**PROBLEM STATEMENT:** Copy every entry below exactly, and keep out the pictures.
==============================
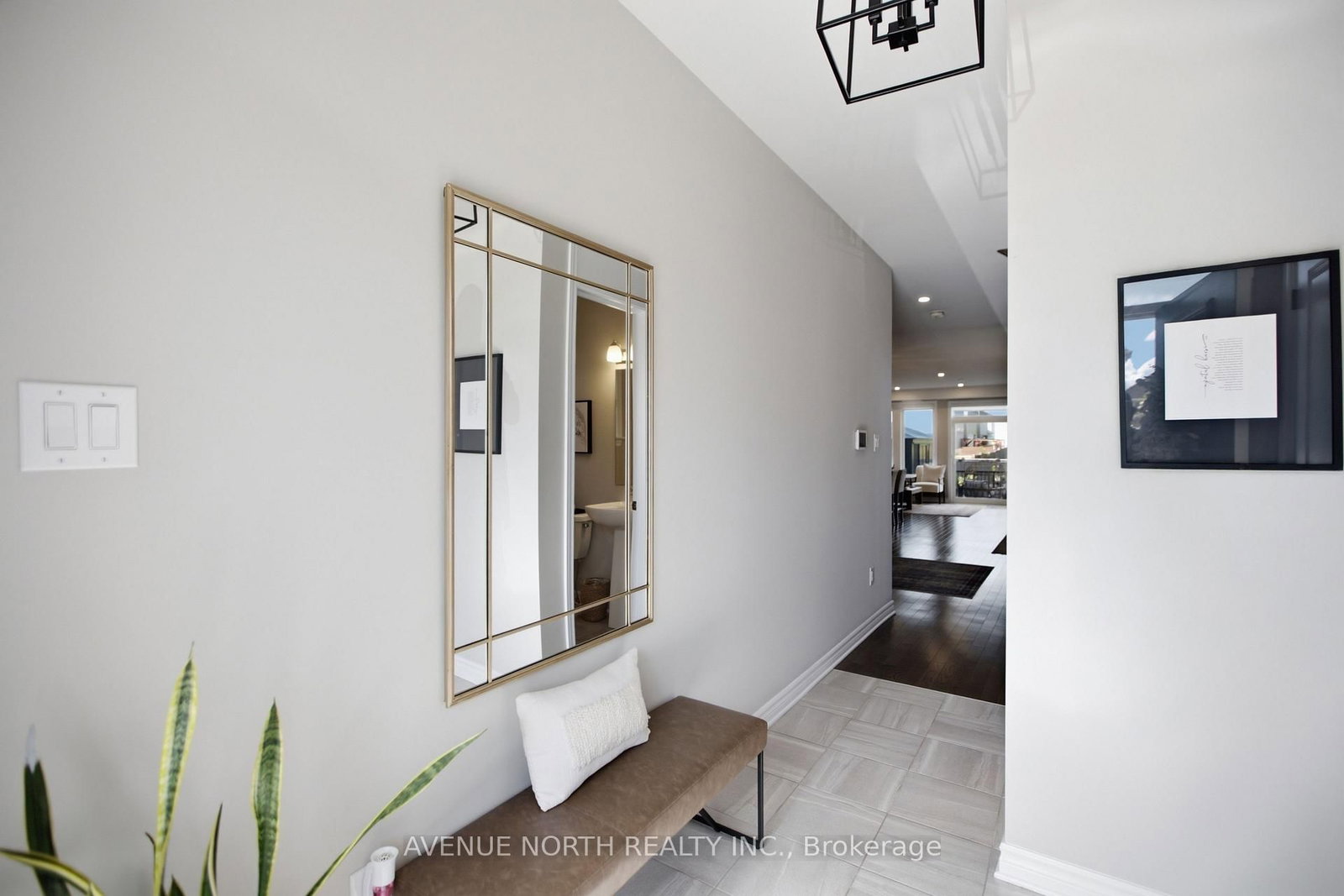 275 Trollius Way • Ottawa, ON photo 6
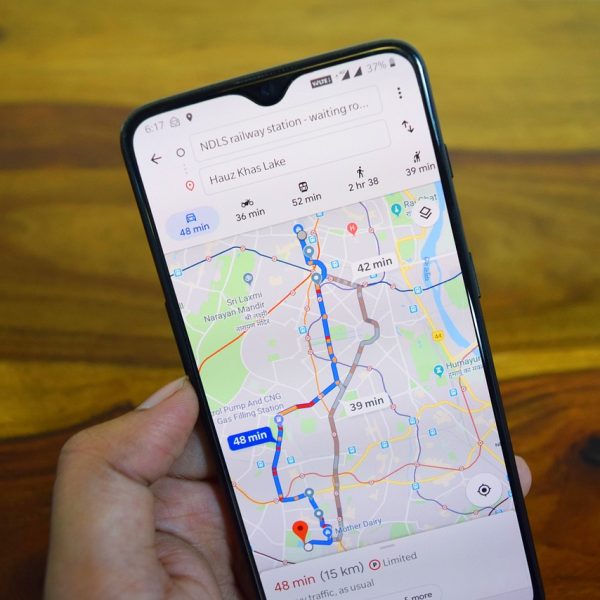 Jak wysłać pinezkę z Google Maps SMS-em?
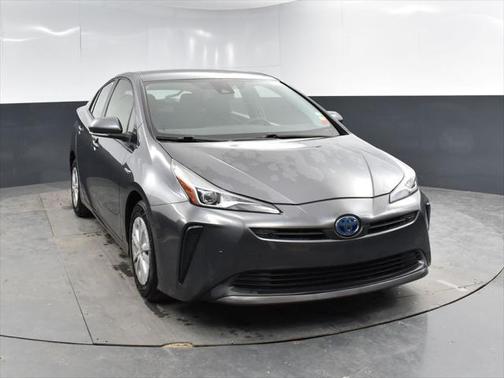 2022 Toyota Prius L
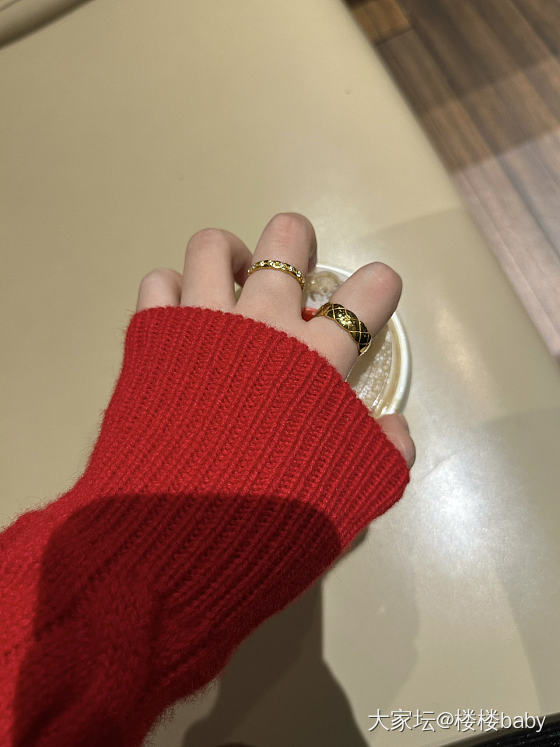 据说会漏财，但隔开戴就是好看呀_(:D)∠)__金翡翠
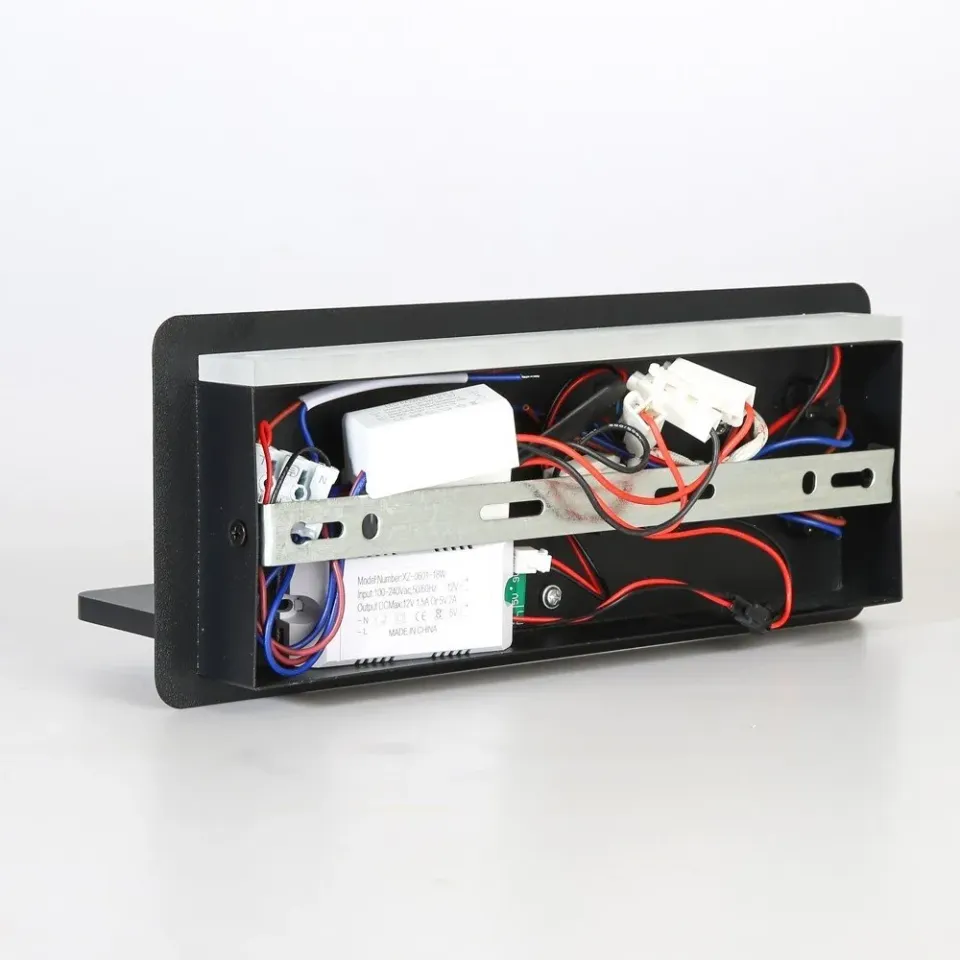 IMMAX LED Be PREPARE 4v1, bodové svítidlo s Qi nabíjením, USB, černé, varianta pravá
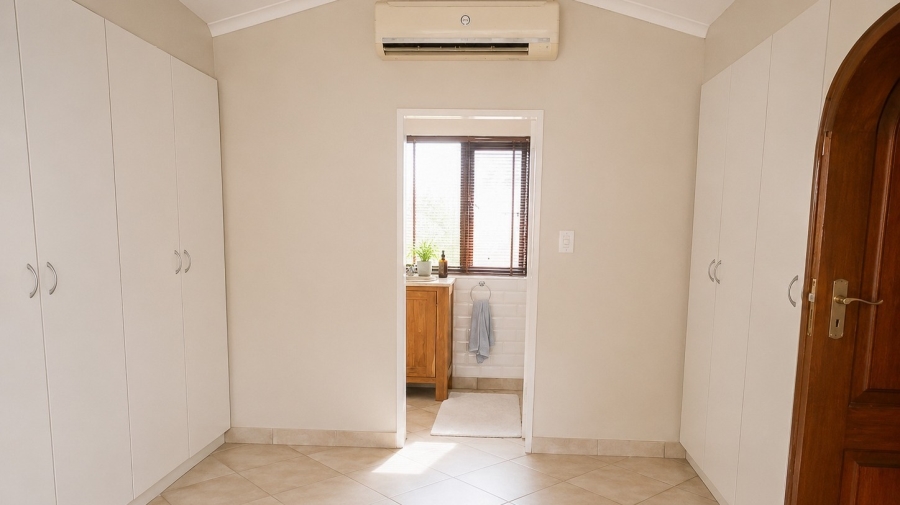 3 Bedroom Property for Sale in The Coves North West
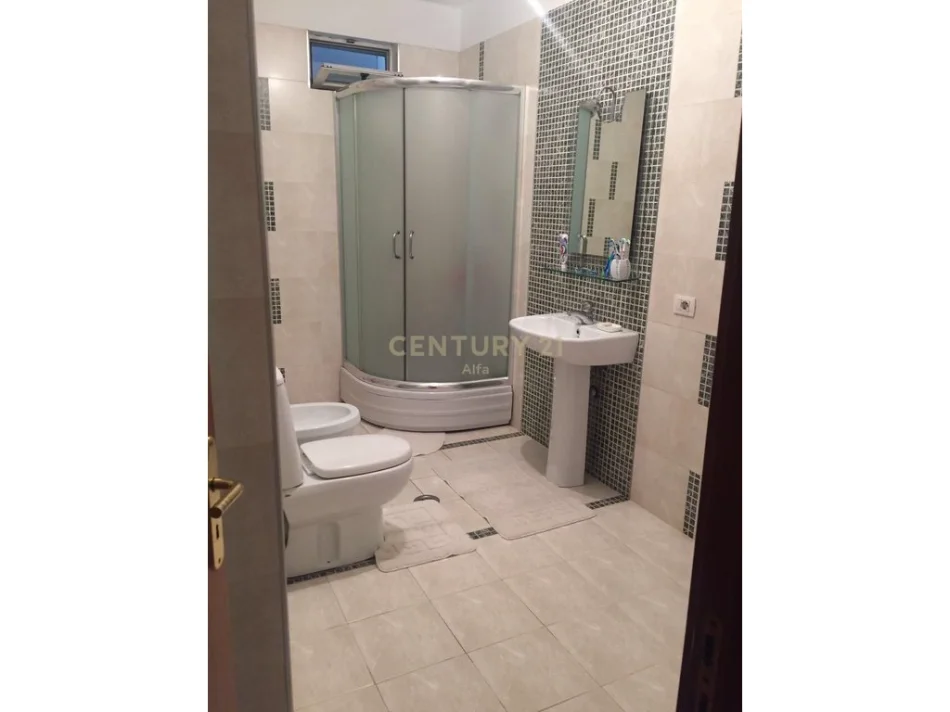 Tirane, jepet me qera apartament 1+1 Kati 5, 70 m² 750 € (shallvaret)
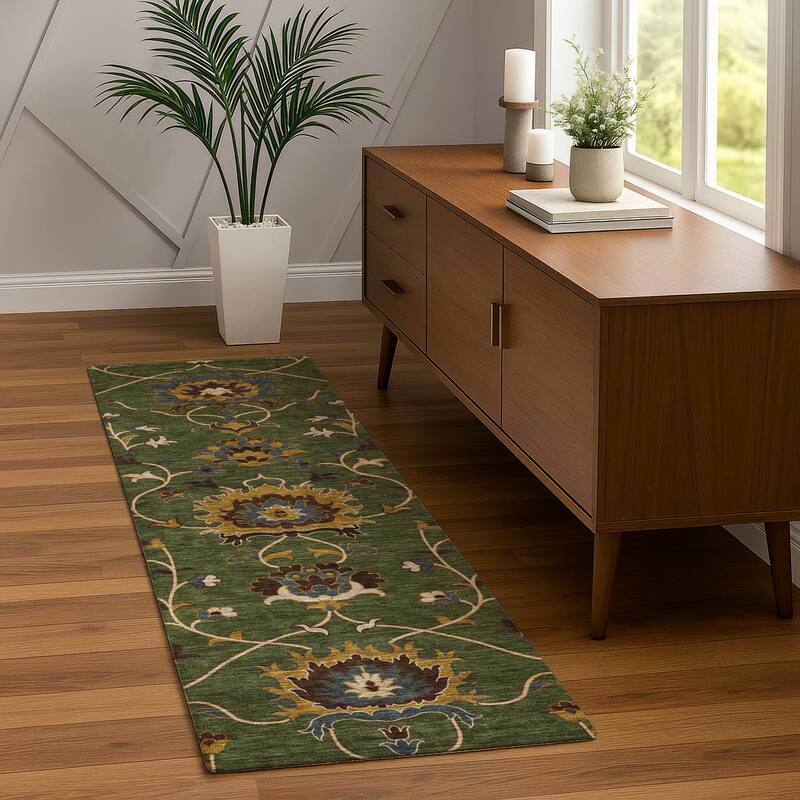 Machine Washable Indoor/ Outdoor Traditional Luna Chantille Rug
==============================
**EXERCISE OUTPUT:**
 275 Trollius Way • Ottawa, ON photo 6
 Jak wysłać pinezkę z Google Maps SMS-em?
 2022 Toyota Prius L
 据说会漏财，但隔开戴就是好看呀_(:D)∠)__金翡翠
 IMMAX LED Be PREPARE 4v1, bodové svítidlo s Qi nabíjením, USB, černé, varianta pravá
 3 Bedroom Property for Sale in The Coves North West
 Tirane, jepet me qera apartament 1+1 Kati 5, 70 m² 750 € (shallvaret)
 Machine Washable Indoor/ Outdoor Traditional Luna Chantille Rug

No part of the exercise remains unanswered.